### PROBLEM DETAILS
All lines in the records below from the line with "Chicago Bears Cutter" through the line with "An Antique Blue" are to be given again exactly, both ends included; the pictures are to be left out.

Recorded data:
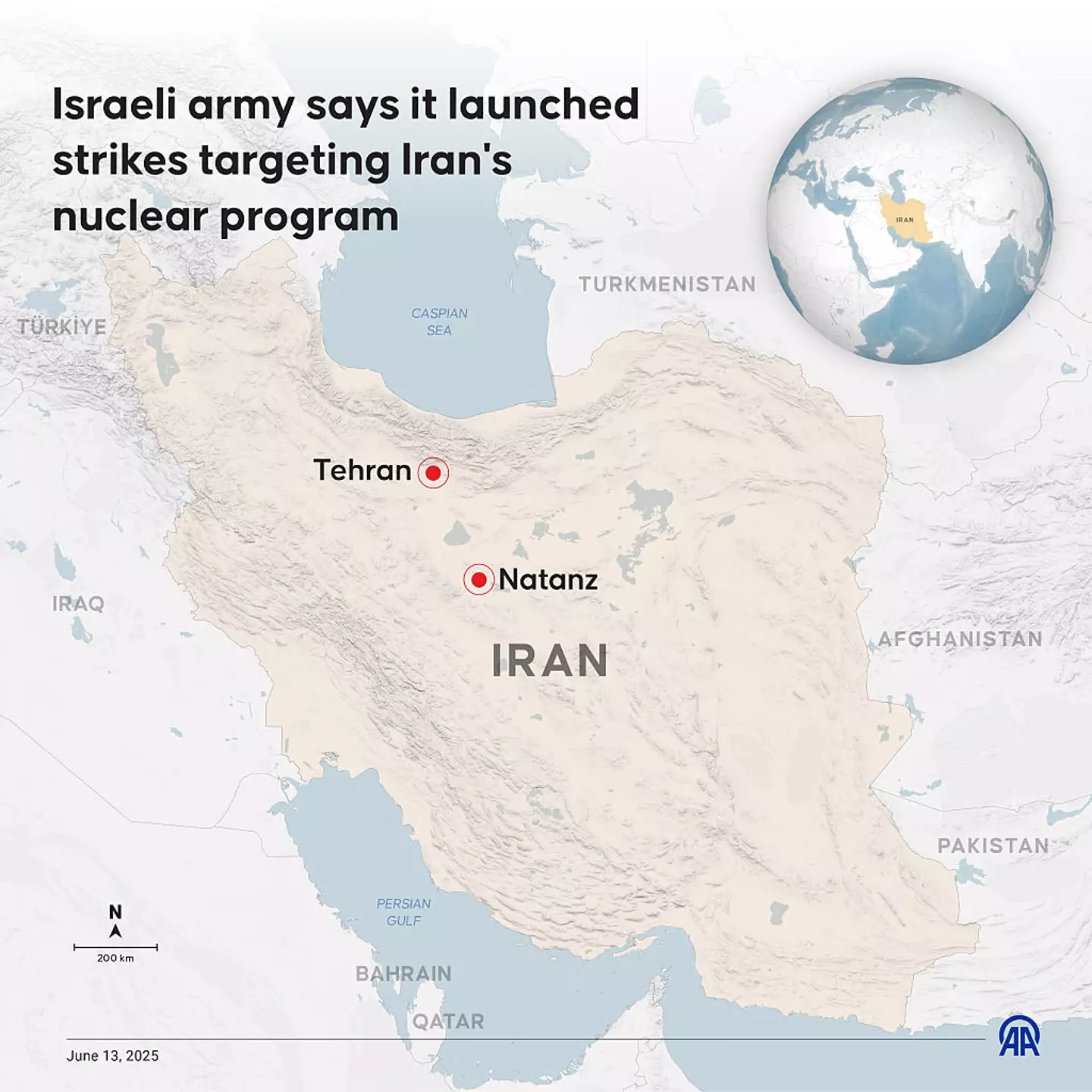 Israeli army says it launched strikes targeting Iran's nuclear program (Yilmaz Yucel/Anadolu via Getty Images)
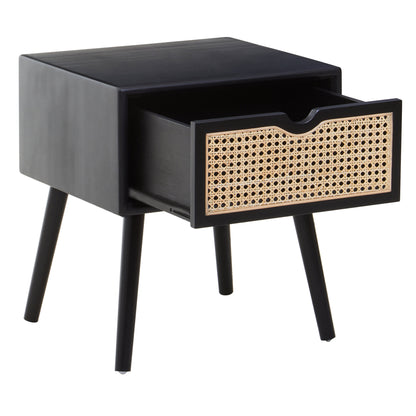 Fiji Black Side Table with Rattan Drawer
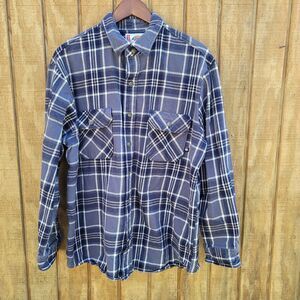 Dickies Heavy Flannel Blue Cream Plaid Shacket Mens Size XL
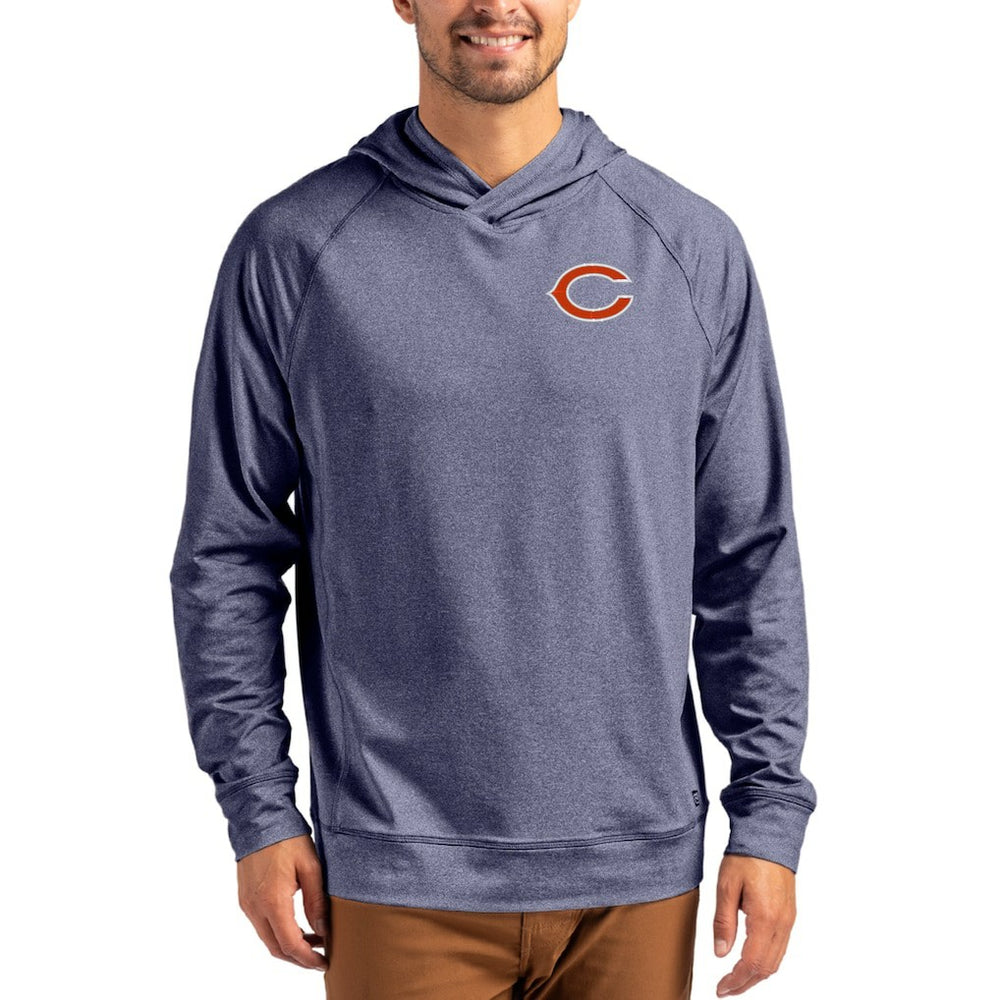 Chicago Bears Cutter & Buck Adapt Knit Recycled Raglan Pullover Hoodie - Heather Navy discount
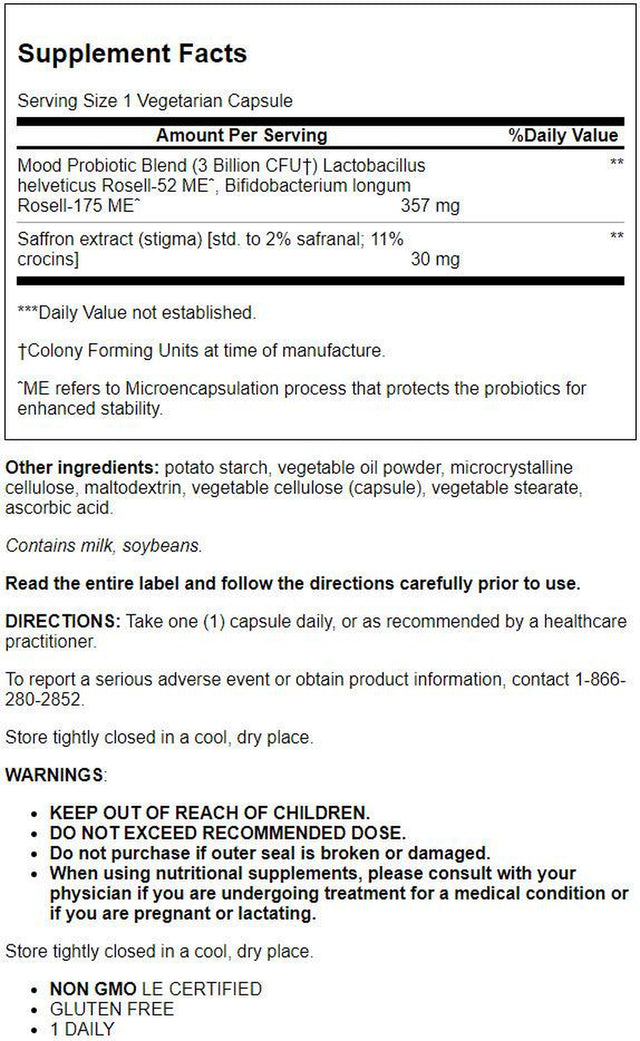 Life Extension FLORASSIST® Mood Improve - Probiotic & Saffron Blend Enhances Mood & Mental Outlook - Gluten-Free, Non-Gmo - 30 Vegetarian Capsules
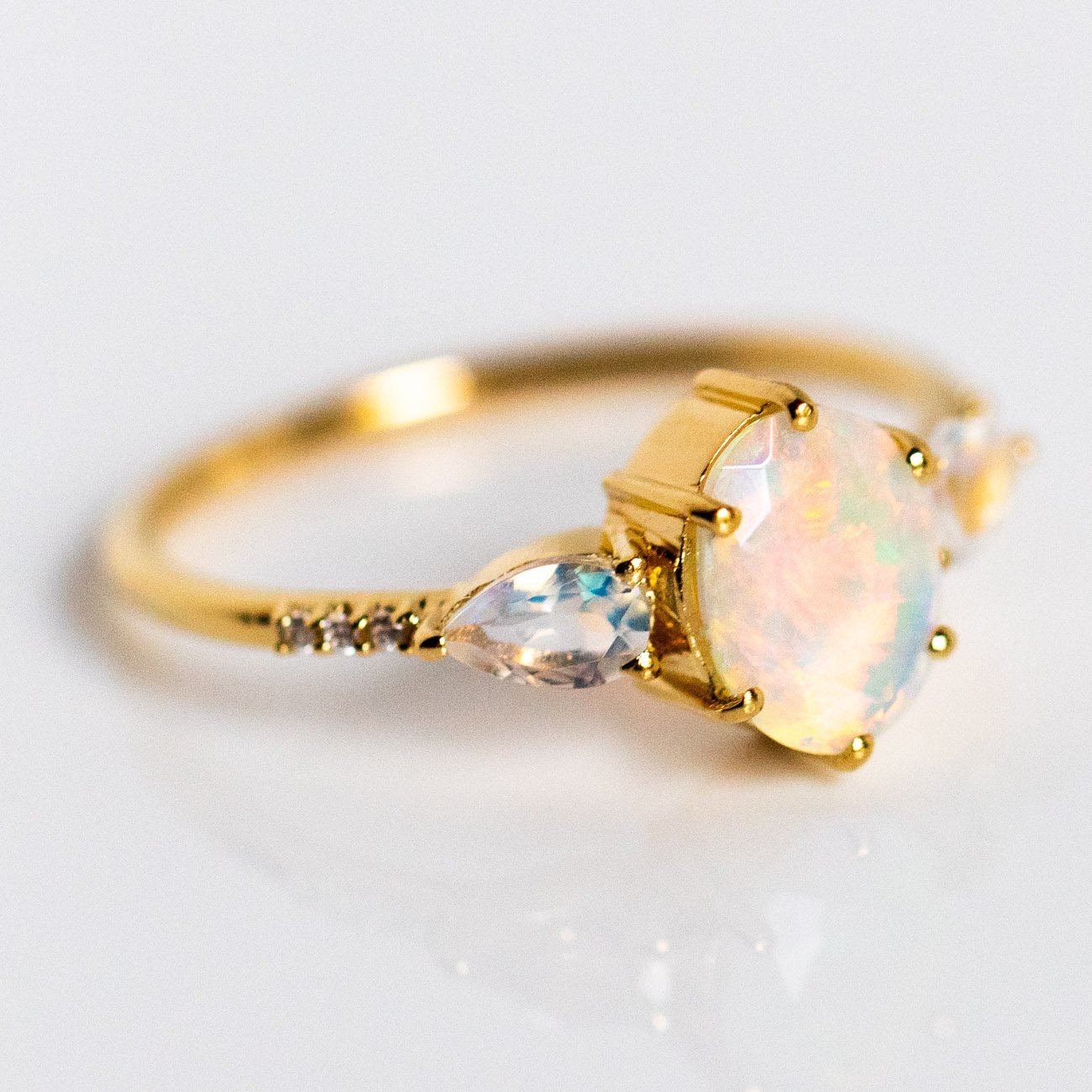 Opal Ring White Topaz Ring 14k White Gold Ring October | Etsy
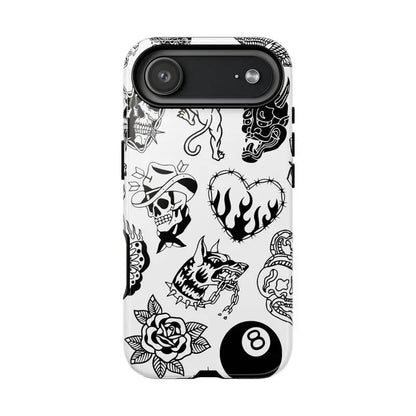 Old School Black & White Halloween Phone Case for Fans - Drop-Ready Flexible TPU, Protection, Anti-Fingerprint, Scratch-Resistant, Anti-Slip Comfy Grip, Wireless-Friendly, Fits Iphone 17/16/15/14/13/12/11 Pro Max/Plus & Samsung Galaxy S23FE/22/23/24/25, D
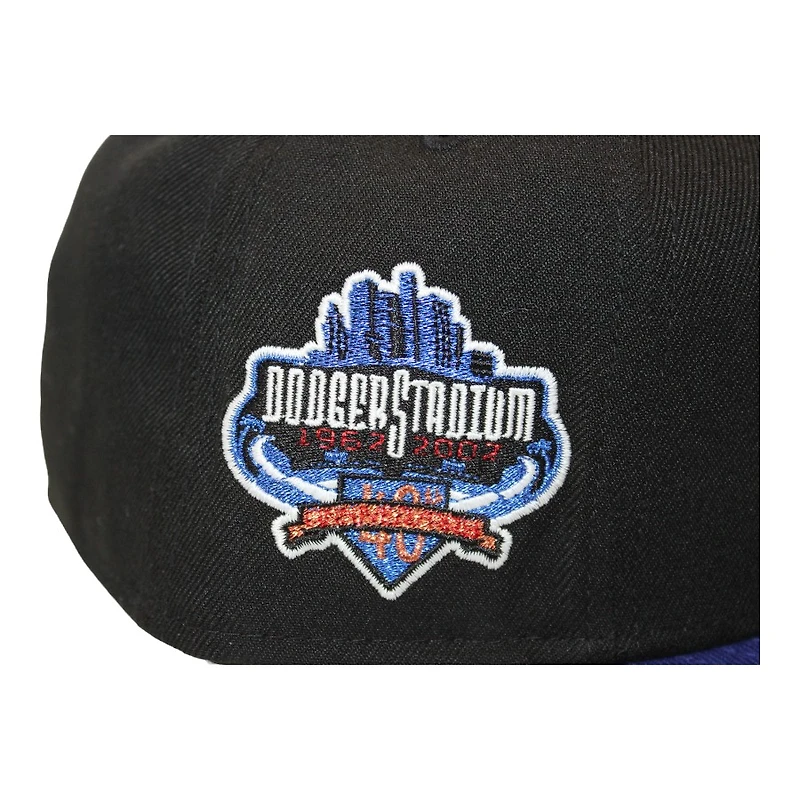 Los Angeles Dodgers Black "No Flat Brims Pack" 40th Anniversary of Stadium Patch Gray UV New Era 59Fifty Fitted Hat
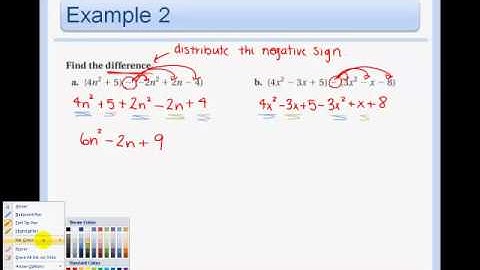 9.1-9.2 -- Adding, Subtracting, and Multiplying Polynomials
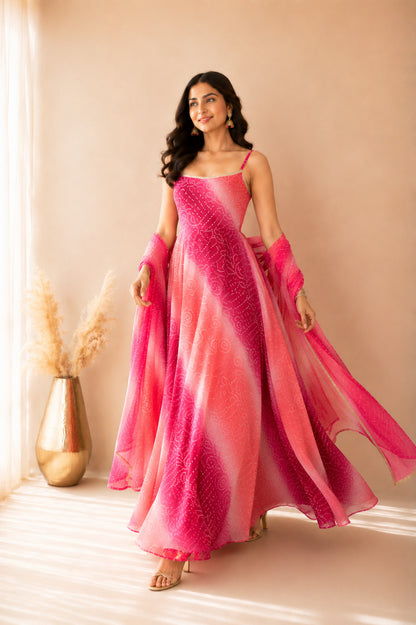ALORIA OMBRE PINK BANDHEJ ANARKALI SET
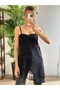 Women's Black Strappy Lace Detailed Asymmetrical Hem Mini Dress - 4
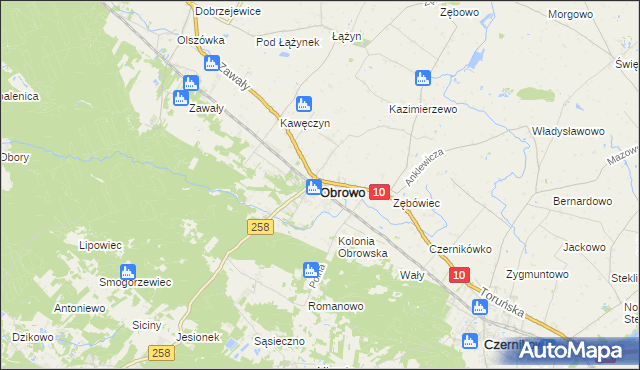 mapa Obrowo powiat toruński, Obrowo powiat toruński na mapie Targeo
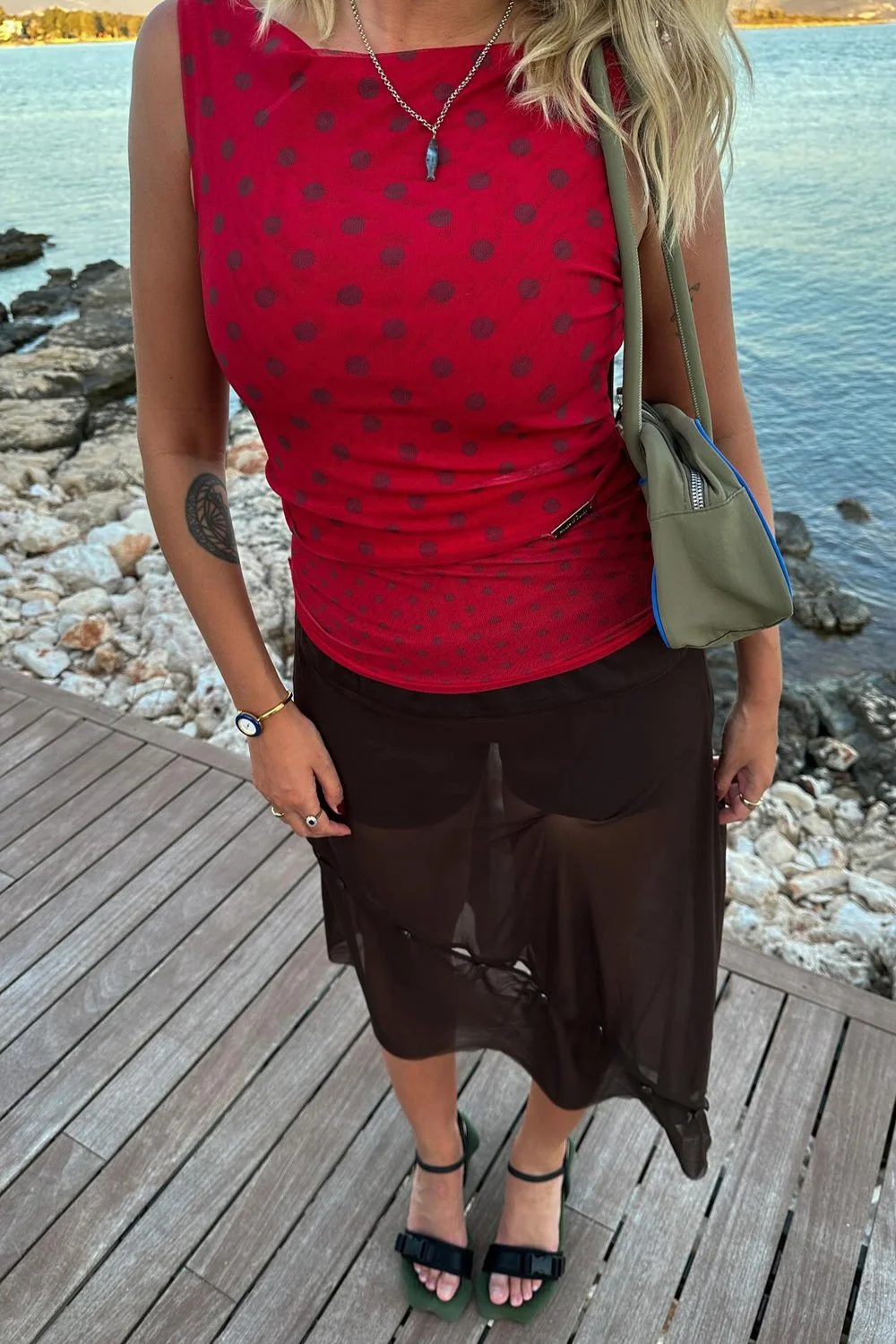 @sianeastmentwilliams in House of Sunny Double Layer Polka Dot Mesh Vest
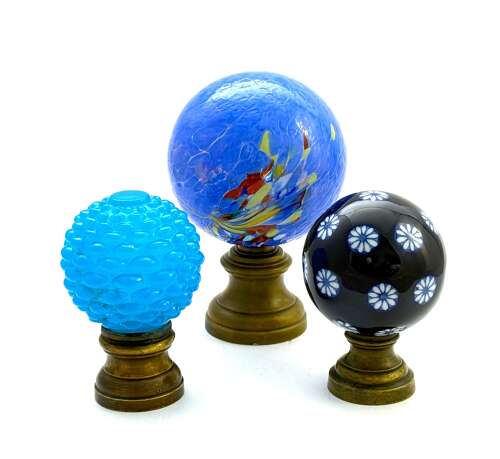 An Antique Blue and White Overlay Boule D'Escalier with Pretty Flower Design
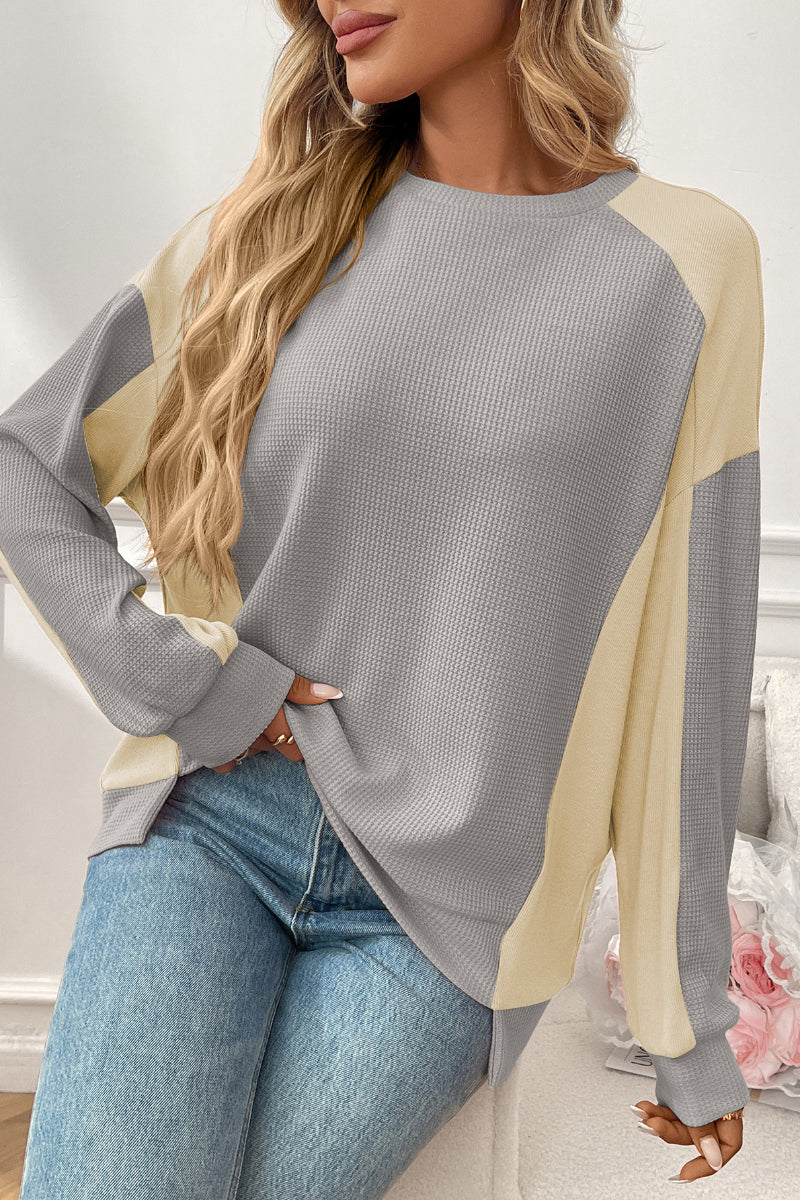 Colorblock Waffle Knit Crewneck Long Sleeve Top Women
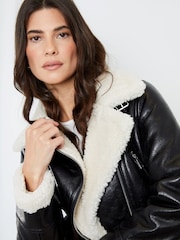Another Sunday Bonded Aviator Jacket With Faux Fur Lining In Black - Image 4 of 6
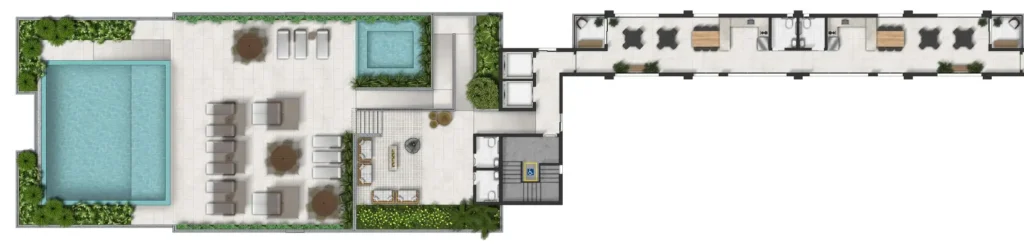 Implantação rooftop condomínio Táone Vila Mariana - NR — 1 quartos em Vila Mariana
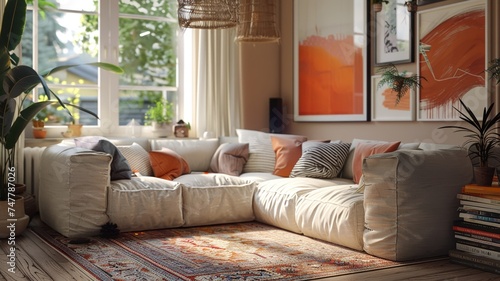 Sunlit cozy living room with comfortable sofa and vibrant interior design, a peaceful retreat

### REPLY TO THE TASK
 Chicago Bears Cutter & Buck Adapt Knit Recycled Raglan Pullover Hoodie - Heather Navy discount
 Life Extension FLORASSIST® Mood Improve - Probiotic & Saffron Blend Enhances Mood & Mental Outlook - Gluten-Free, Non-Gmo - 30 Vegetarian Capsules
 Opal Ring White Topaz Ring 14k White Gold Ring October | Etsy
 Old School Black & White Halloween Phone Case for Fans - Drop-Ready Flexible TPU, Protection, Anti-Fingerprint, Scratch-Resistant, Anti-Slip Comfy Grip, Wireless-Friendly, Fits Iphone 17/16/15/14/13/12/11 Pro Max/Plus & Samsung Galaxy S23FE/22/23/24/25, D
 Los Angeles Dodgers Black "No Flat Brims Pack" 40th Anniversary of Stadium Patch Gray UV New Era 59Fifty Fitted Hat
 9.1-9.2 -- Adding, Subtracting, and Multiplying Polynomials
ALORIA OMBRE PINK BANDHEJ ANARKALI SET
 Women's Black Strappy Lace Detailed Asymmetrical Hem Mini Dress - 4
 mapa Obrowo powiat toruński, Obrowo powiat toruński na mapie Targeo
 @sianeastmentwilliams in House of Sunny Double Layer Polka Dot Mesh Vest
 An Antique Blue and White Overlay Boule D'Escalier with Pretty Flower Design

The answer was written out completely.